### Information
====

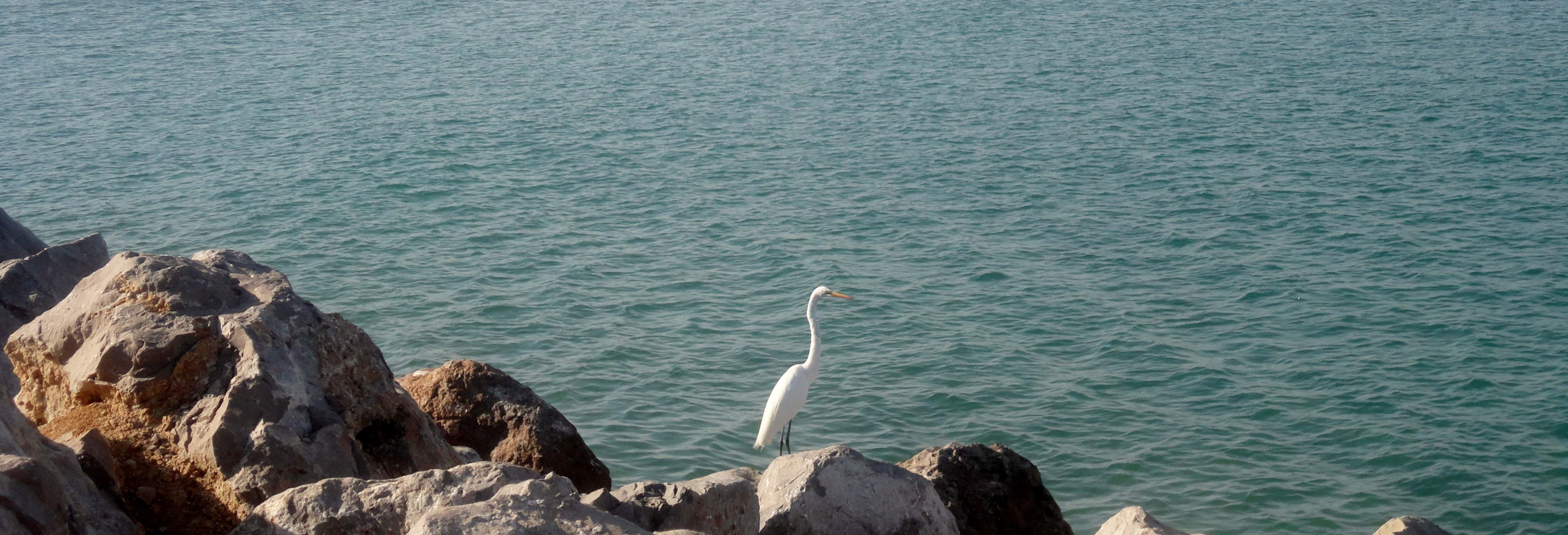 Tour por Tampico y playa Miramar desde Tampico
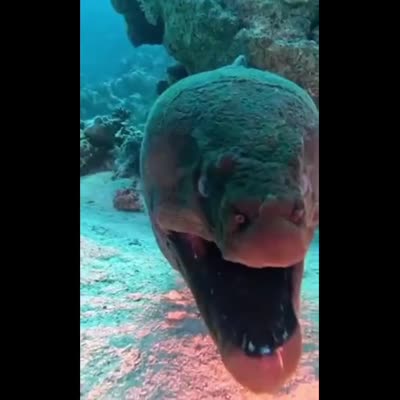 Image For Post A moray eel's mouth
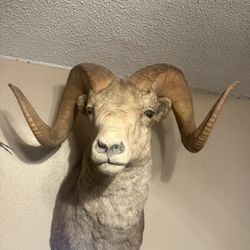 Taxidermy Bighorn Sheep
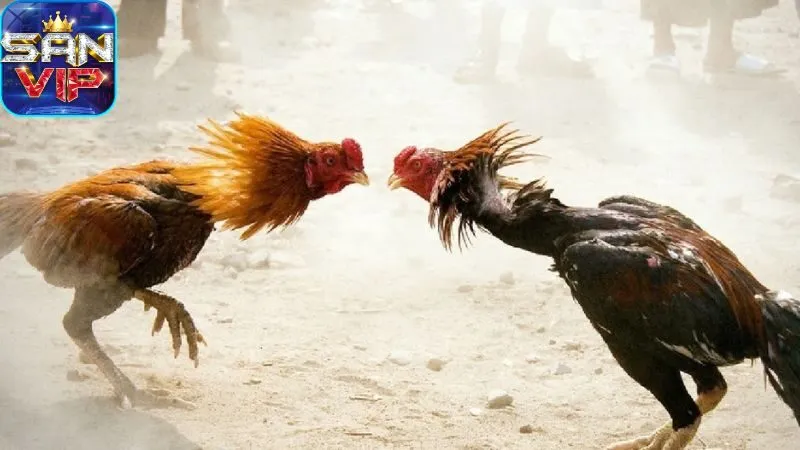 Sảnh Đá Gà Cock Fighting - Cược đá gà, thắng cực nhanh. 6 sanh-da-ga-cock-fighting:-cac-loai-hinh-da-ga-pho-bien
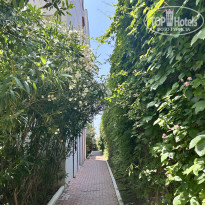 фото из отзыва ID 2703878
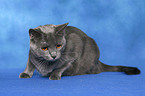 Chartreux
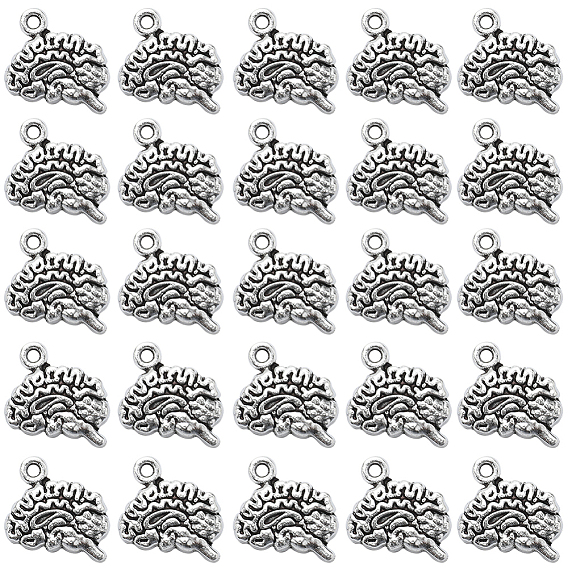 100Шармы из сплава в тибетском стиле, без свинца и без кадмия, головной мозг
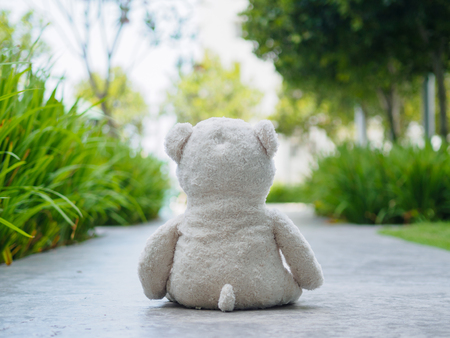 Lonely Teddy Bear Sitting on the walk way or road (Concept about love)の写真素材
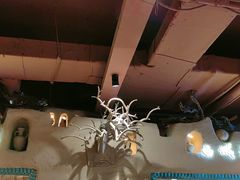-驿楼兰·新疆菜(火车站店)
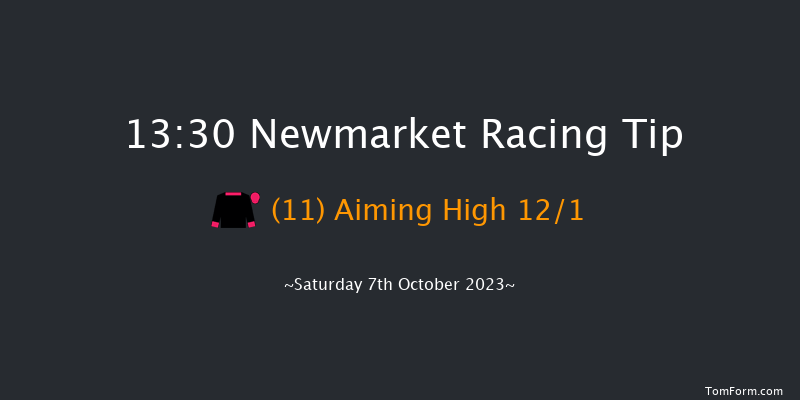 Newmarket 13:30 Handicap (Class 2) 10f Sat 30th Sep 2023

====

### Brief
Your task is to retype the lines running from the one that contains "Taxidermy Bighorn Sheep" through the end of the records, and nothing else. Pictures are not part of the copy.

### Exercise solution
 Taxidermy Bighorn Sheep
 Sảnh Đá Gà Cock Fighting - Cược đá gà, thắng cực nhanh. 6 sanh-da-ga-cock-fighting:-cac-loai-hinh-da-ga-pho-bien
 фото из отзыва ID 2703878
 Chartreux
 100Шармы из сплава в тибетском стиле, без свинца и без кадмия, головной мозг
 Lonely Teddy Bear Sitting on the walk way or road (Concept about love)の写真素材
-驿楼兰·新疆菜(火车站店)
 Newmarket 13:30 Handicap (Class 2) 10f Sat 30th Sep 2023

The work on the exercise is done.